Surnommé par Félix Fénéon « le Nabi très japonard », Pierre Bonnard vit comme une véritable révélation la célèbre exposition de gravures japonaises organisée par Siegfried Bing à l’École nationale des beaux-arts de Paris, en 1890. Aussitôt, il se met à acquérir des estampes japonaises qui deviendront (avec la photographie, qu’il pratique avec passion) une source d’inspiration capitale pour ses tableaux et notamment pour La Charmille, qu’il peint en 1901.

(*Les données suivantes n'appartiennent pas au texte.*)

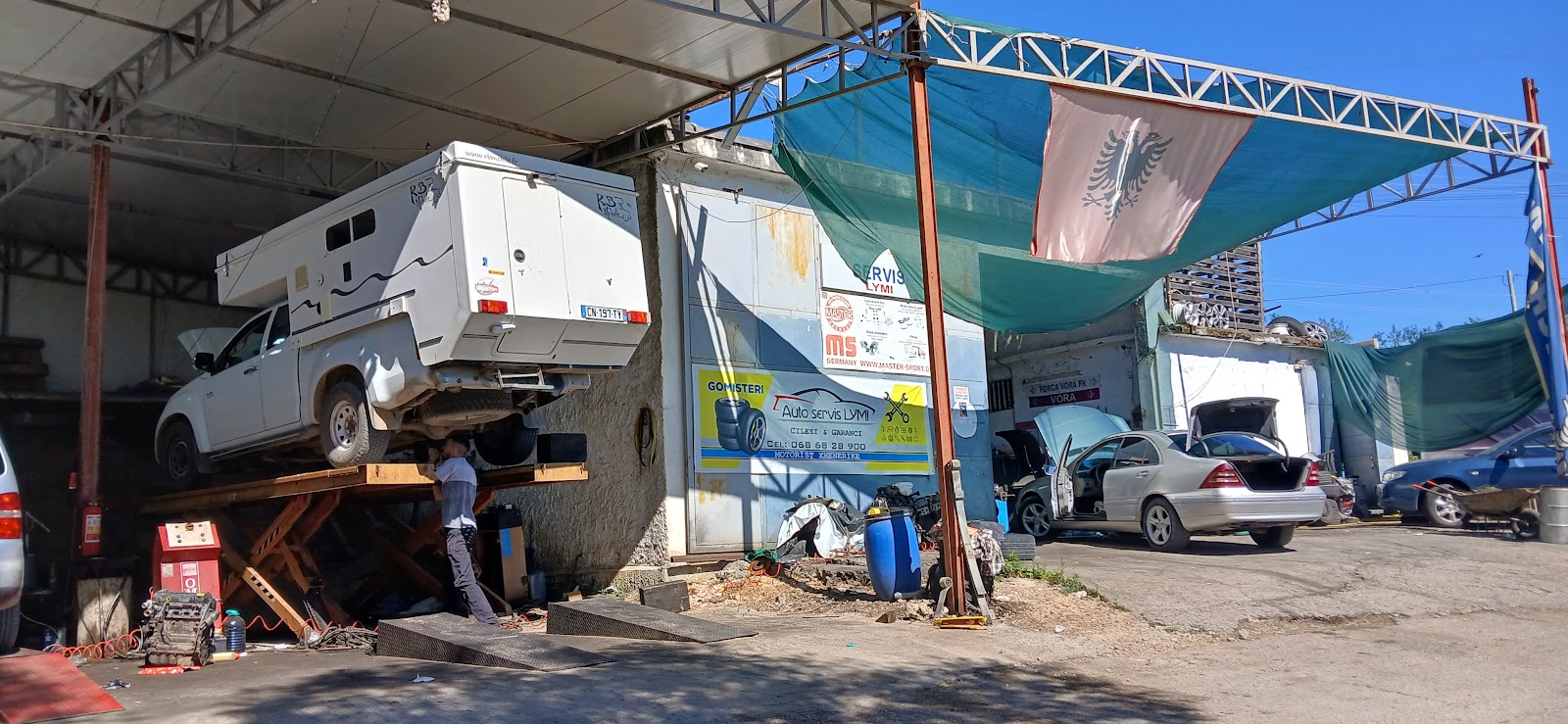 Auto Servis & Gomisteri 24 ore ne Vore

Dans son écrin de verdure, la charmille, qui donne son nom au tableau et qui n’est pas sans faire écho à La Cueillette, peinte simultanément par Édouard Vuillard, Bonnard livre à notre curiosité deux figures féminines qui se font face. Il s’agit probablement de membres de la famille du peintre, surpris à converser dans un jardin bordé, sur sa droite, par une allée gravillonnée. Ces silhouettes, que l’on devine à peine, sont vêtues d’une même longue robe gris perle, ceinturée à la taille à la manière d’un kimono privé de tout volume, tandis qu’elles-mêmes semblent flotter dans un espace affranchi des contraintes traditionnelles de la perspective centrale.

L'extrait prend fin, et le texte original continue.